Aber die Tech-Unternehmen verwandelten nicht nur die Welt der Erwachsenen, sondern bald auch das Leben der Kinder. Seit den 1950er-Jahren hatten Kinder und Jugendliche viel ferngesehen, doch die neuen Technologien ließen sich viel besser transportieren, waren viel personalisierter und viel fesselnder als alles, was es zuvor gegeben hatte. Eltern wurde das schnell bewusst, und so auch mir, als 2008 mein damals zweijähriger Sohn den Touchscreen meines ersten iPhones meisterte. Viele waren erleichtert, als sie herausfanden, dass ein Smartphone oder ein Tablet ein Kind stundenlang beschäftigen und ruhig halten konnte. Aber war das sicher? Niemand wusste es, doch da es alle machten, nahm man an, es sei in Ordnung.

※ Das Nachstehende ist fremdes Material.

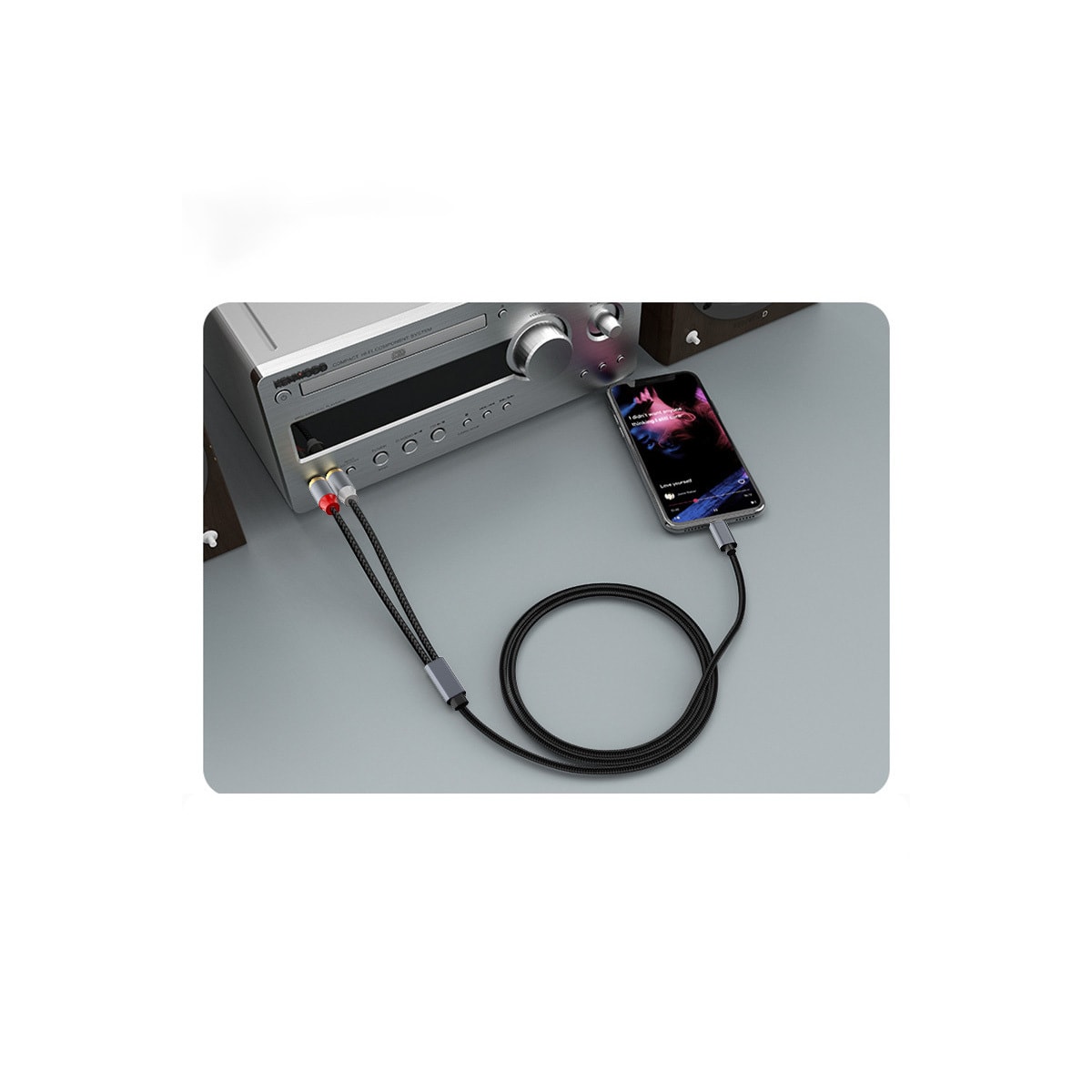USB-C til 2x RCA stereolydkabel Grå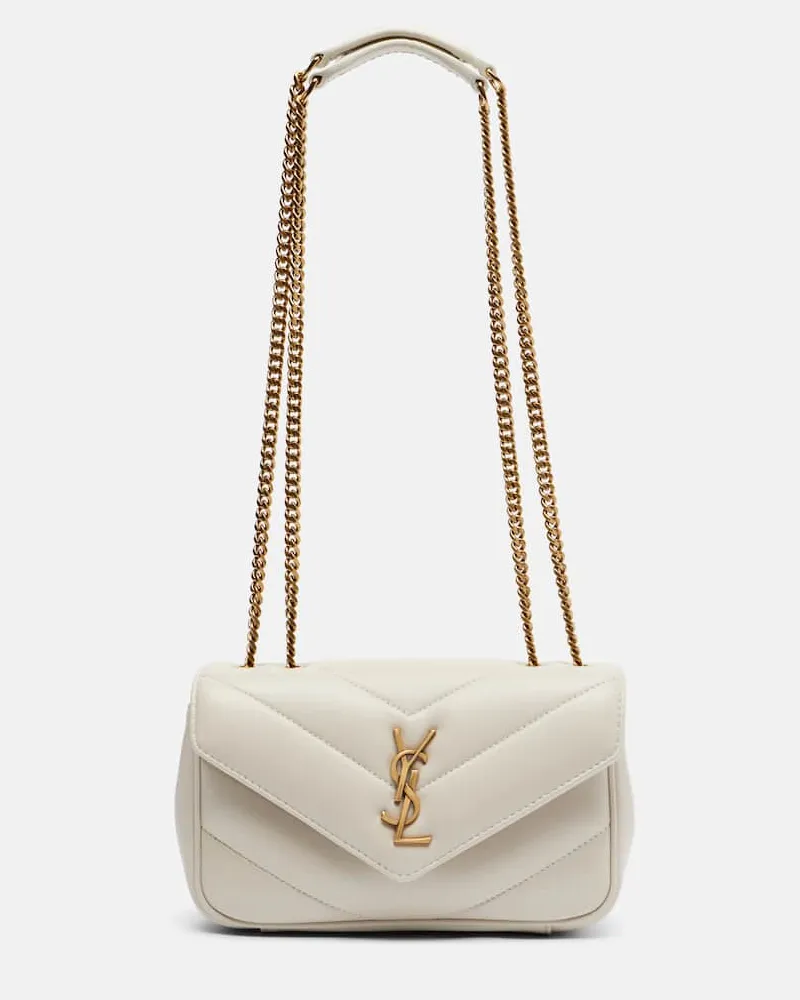 Saint Laurent Borsa a spalla Loulou Mini in pelle Bianco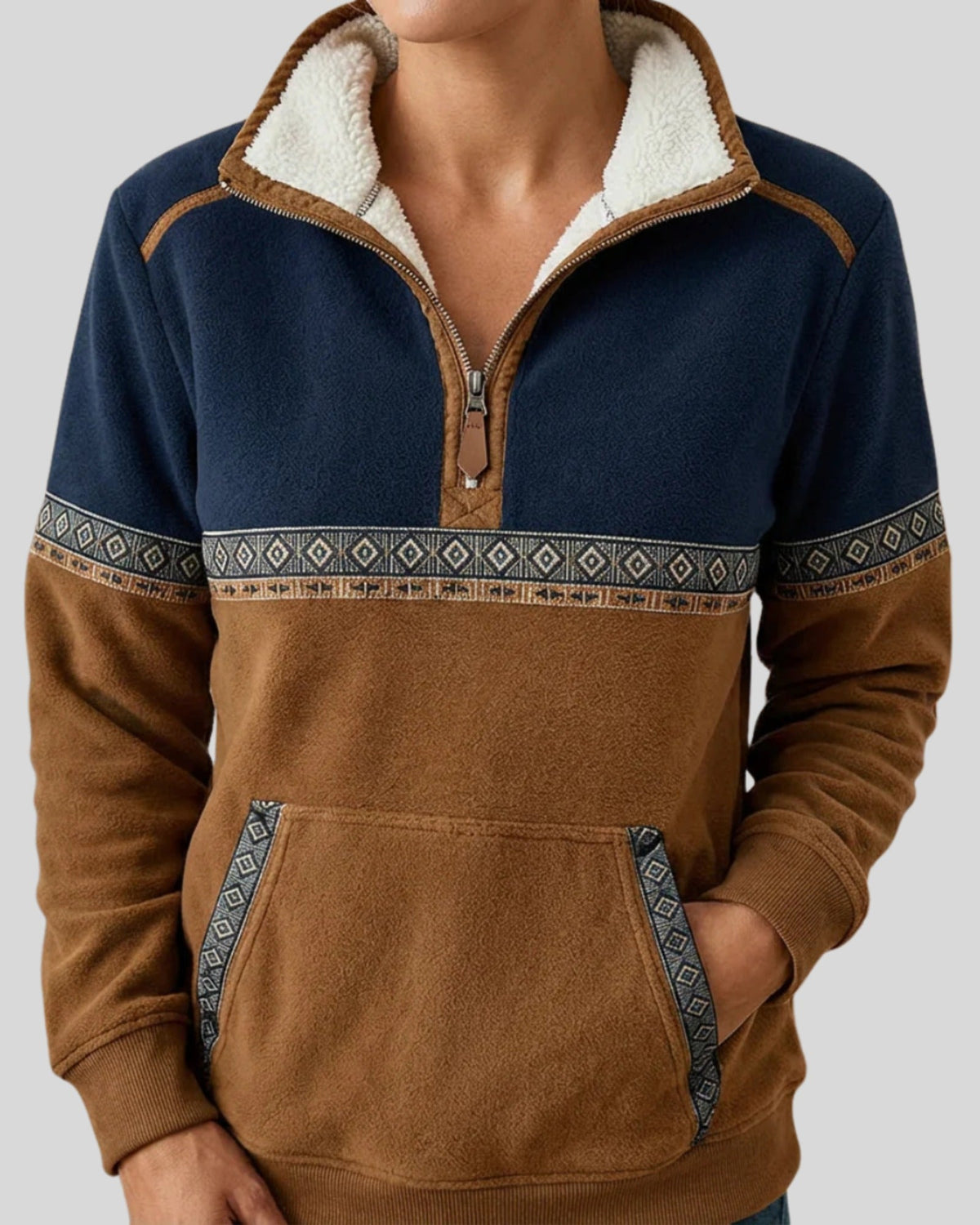 Lifestyle Jersey half-zip con cuello sherpa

Die Unternehmen hatten jedoch kaum oder keine Forschung dazu betrieben, wie sich ihre Produkte auf die psychische Gesundheit von Kindern auswirkten. Ebenso wenig hatten sie Daten mit Forschern ausgetauscht, die diese gesundheitlichen Auswirkungen untersuchten. Angesichts zunehmender Belege dafür, dass ihre Produkte jungen Menschen schadeten, flüchteten sie sich in Leugnung, Verschleierung und Pressekampagnen.[3] Unternehmen, denen es darum ging, das «Engagement», die Interaktion mit dem Produkt, mithilfe psychologischer Tricks zu maximieren, gingen am skrupellosesten vor. Sie angelten sich Kinder in vulnerablen Entwicklungsstadien, in denen sich ihr Gehirn in Reaktion auf einlaufende Reize rasch neu verdrahtet. Dazu zählten Social-Media-Unternehmen, die besonders Mädchen großen Schaden zufügten, wie auch Videospielfirmen und pornografische Seiten, die ihre Krallen am tiefsten in die Jungen schlugen.[4] Indem diese Unternehmen ein Feuerwerk suchterzeugender Inhalte zündeten, die in Augen und Ohren der Kids eindrangen, und indem sie körperliches Spielen und eine Sozialisierung durch persönlichen Kontakt in den Hintergrund drängten, haben sie die Kindheit neu verdrahtet und die menschliche Entwicklung in einem fast unvorstellbaren Ausmaß verändert. Die intensivste Phase dieser Neuverdrahtung waren die Jahre zwischen 2010 und 2015, auch wenn die Geschichte, die ich Ihnen erzählen will, mit dem Aufstieg der ängstlichen und überbehütenden Erziehung bereits in den 1980er-Jahren begann und bis heute anhält.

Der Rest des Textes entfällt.